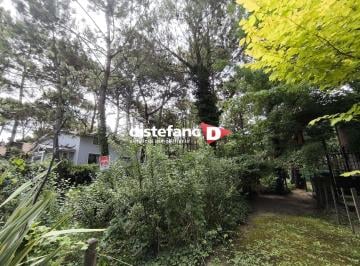 DIT-DT1-4475_2 · Lote. | Rosales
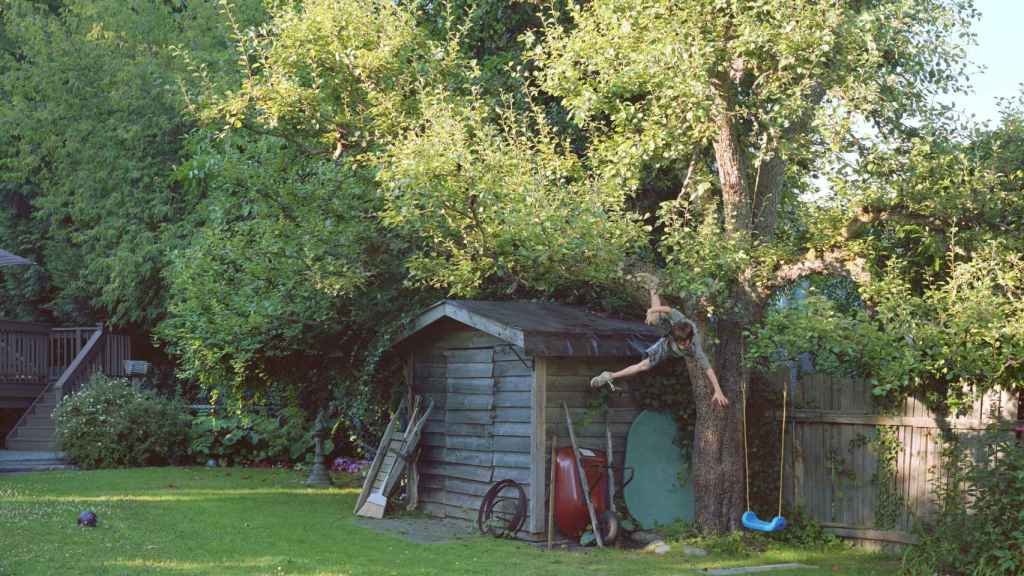 'Boy falls from tree', 2010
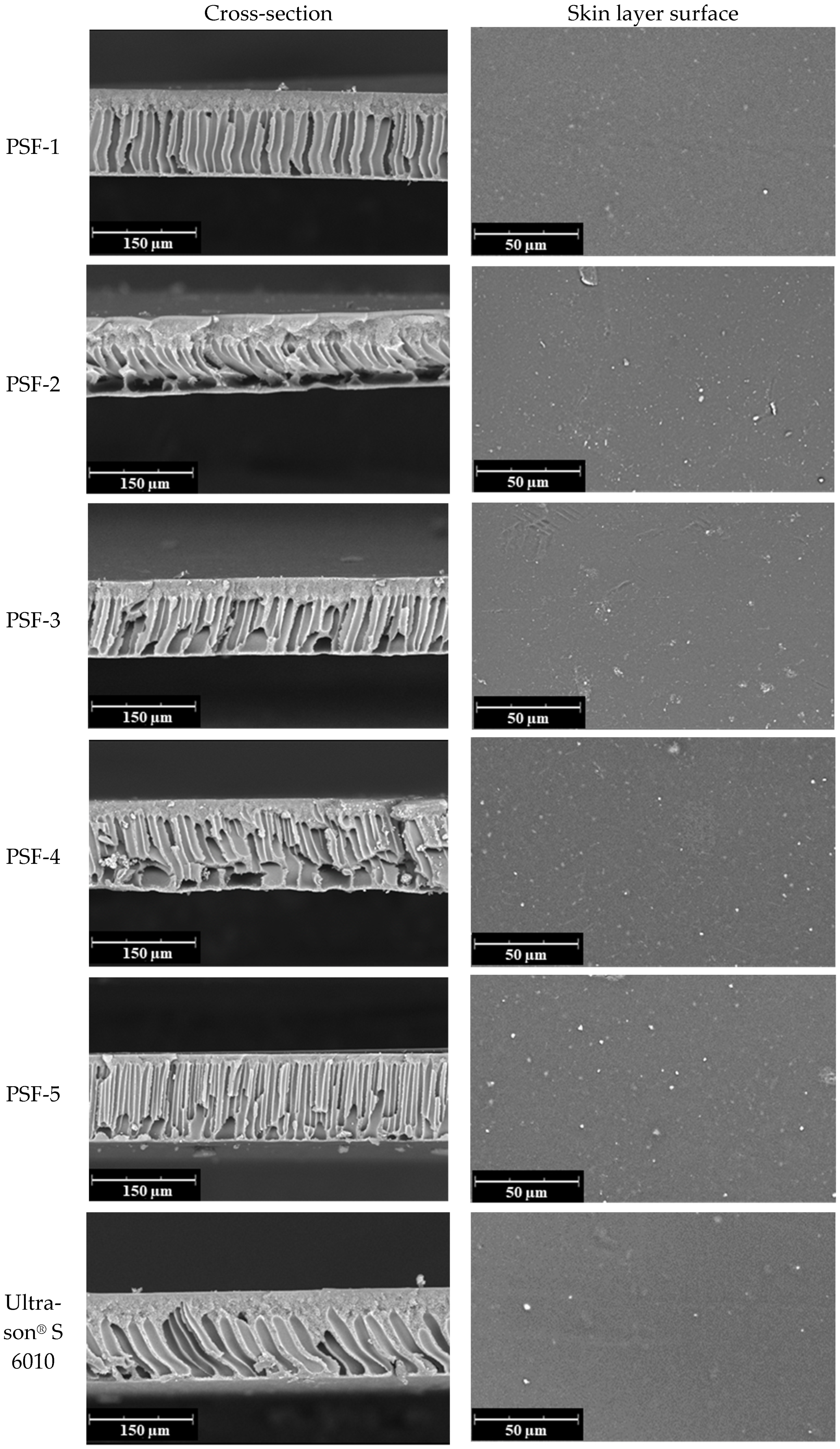 Polymers 16 03453 g007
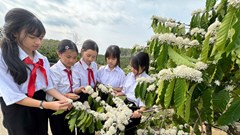 Quảng Ngãi: Sắc Xuân trên những nương cà phê Đăk Hà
┄┄┄┄┄┄
What is needed ▸ Copy exactly, and copy only, the lines from the one bearing "Polymers 16 03453 g007" through the closing line of the material, with both ends kept and pictures removed.

Exercise answer ▸
 Polymers 16 03453 g007
 Quảng Ngãi: Sắc Xuân trên những nương cà phê Đăk Hà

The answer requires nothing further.